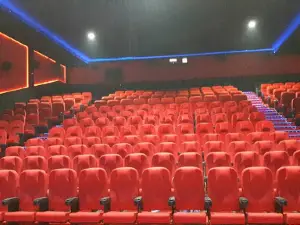 Krishna Metro Cinema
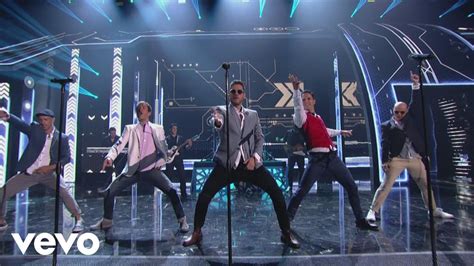 Magneto - Vuela, Vuela (Voyage, Voyage)[Premios Juventud 2016] - YouTube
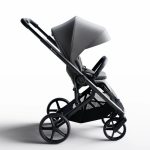 02 avionaut sirius djecja kolica 2u1 greyjpg 1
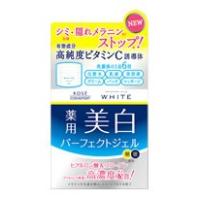 コーセー　モイスチュアマイルド　ホワイト　パーフェクトジェル　(100g)　【医薬部外品】　オールインワン | ツルハドラッグ ヤフー店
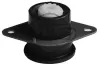 Lagerung, Motor links Metalcaucho 04451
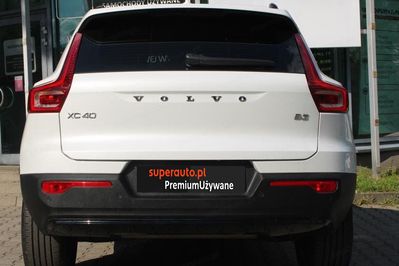 Volvo XC40 B3 Plus Dark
#####
_Requirement_
Lines from the one containing "Lagerung, Motor links Metalcaucho 04451" through the end of the material above must be reproduced exactly; pictures must not be.

_Task answer_
 Lagerung, Motor links Metalcaucho 04451
 Volvo XC40 B3 Plus Dark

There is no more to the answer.